▶ What you will do
When you reach the line with "Tablet Screenshot of findingyourpath.com" in the records below, begin transcribing exactly and continue up to and including the line with "Cable de carga", leaving out every picture.

(Given entries Opens)

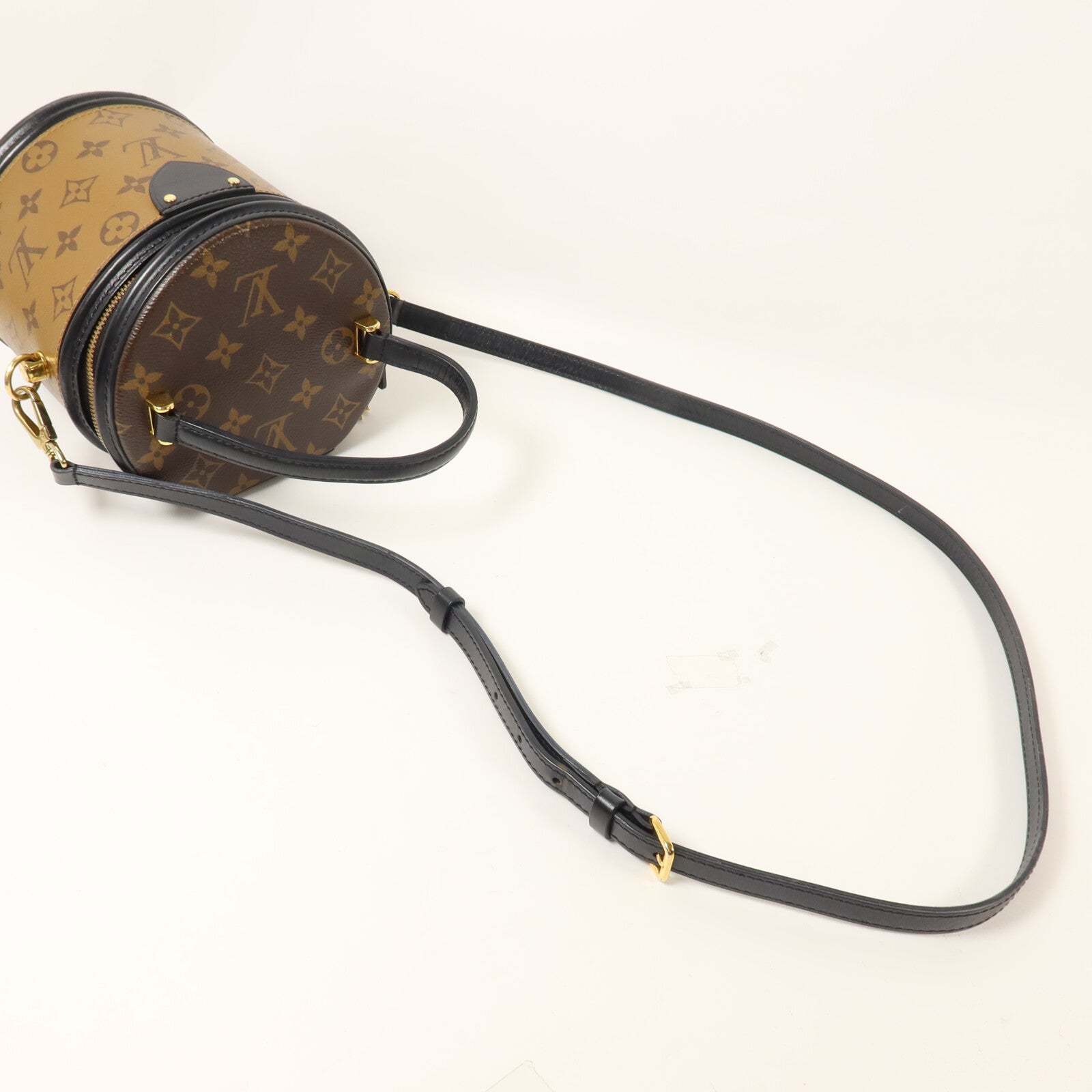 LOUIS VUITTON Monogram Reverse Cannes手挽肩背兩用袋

(Given entries Closes)
(Given entries Opens)

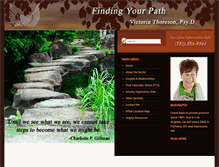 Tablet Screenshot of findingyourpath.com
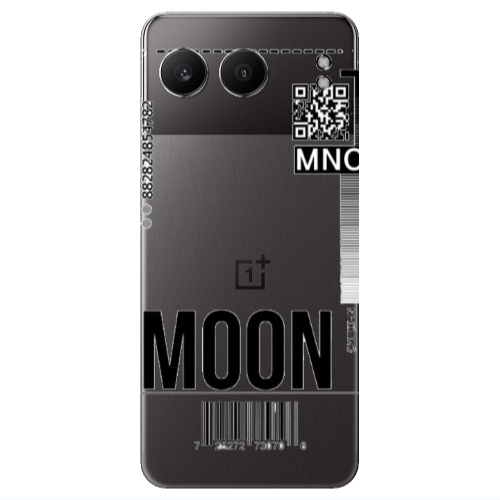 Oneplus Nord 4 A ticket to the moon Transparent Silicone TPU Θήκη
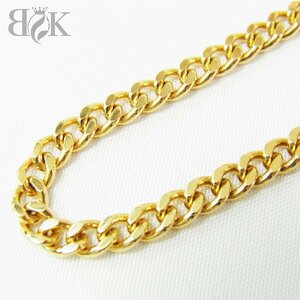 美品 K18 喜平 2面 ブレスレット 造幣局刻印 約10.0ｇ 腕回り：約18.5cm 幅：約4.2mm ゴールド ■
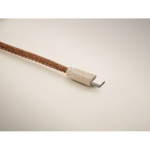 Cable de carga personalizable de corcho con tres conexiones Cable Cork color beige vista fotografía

(Given entries Closes)
(Given entries Opens)

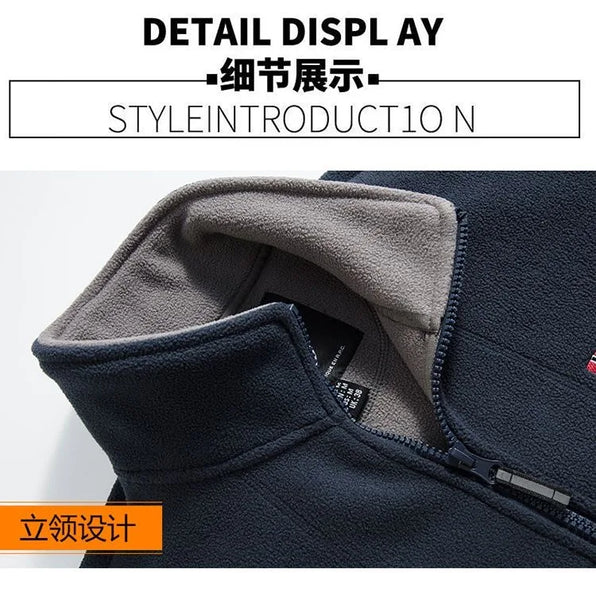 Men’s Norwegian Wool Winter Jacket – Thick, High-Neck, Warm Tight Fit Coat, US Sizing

(Given entries Closes)

▶ Written answer
 Tablet Screenshot of findingyourpath.com
 Oneplus Nord 4 A ticket to the moon Transparent Silicone TPU Θήκη
 美品 K18 喜平 2面 ブレスレット 造幣局刻印 約10.0ｇ 腕回り：約18.5cm 幅：約4.2mm ゴールド ■
 Cable de carga personalizable de corcho con tres conexiones Cable Cork color beige vista fotografía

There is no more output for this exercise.